Thai Cave Rescue: A medical assessment of the 12 boys and their football coach stuck in a cave in Northern Thailand has concluded that it is too dangerous to try to move the group out Thursday, according to a member of the Thai Navy SEALs who is not authorized to speak to the media. The SEALs have also started to pump oxygen into the chamber.
Separately, a new doctor’s report highlighted that two of the boys and the coach were suffering with exhaustion from malnutrition.
Fresh details of the operation underway at the Tham Luang Nang Non to free the team were emerging on Thursday, as rescuers pushed ahead with multiple plans to extricate the group trapped underground for almost two weeks.
More rain is forecast this weekend, putting pressure on rescuers to formulate a plan to extract the boys before flood waters rise any higher.
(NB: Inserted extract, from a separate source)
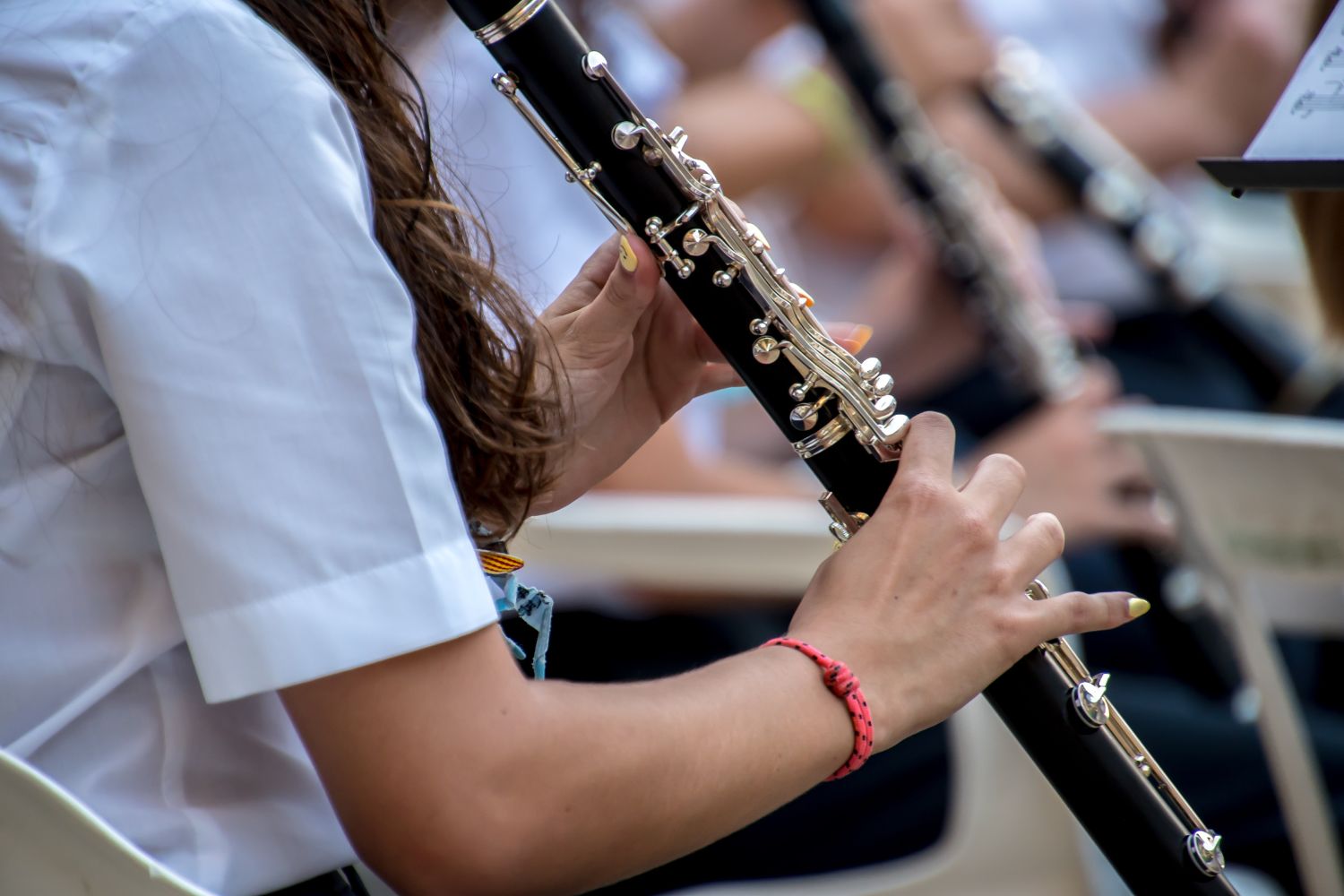 Fuori Comune Festival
Huge volumes of water are being pumped out of the cave complex each day, but the narrow, winding passages inside are still flooded, meaning diving through the murky water is currently the only way in and out.
Rescuers entering the cave complex located in northern Thailand have to navigate dark, flooded tunnels for six hours to reach the team. It takes another five hours to return to the entrance.
Around the camp which has sprung up near the cave entrance, Thai military divers have set up an encampment with diving gear and equipment, while people from the local community hand out food to rescuers, other volunteers and the small army of press on site.
The boys were in good spirits despite spending almost two weeks underground, Chiang Rai governor Narongsak Osottanakorn said on Thursday.
“I confirm here again that they are in good health and they are smiling and playing around,” he said.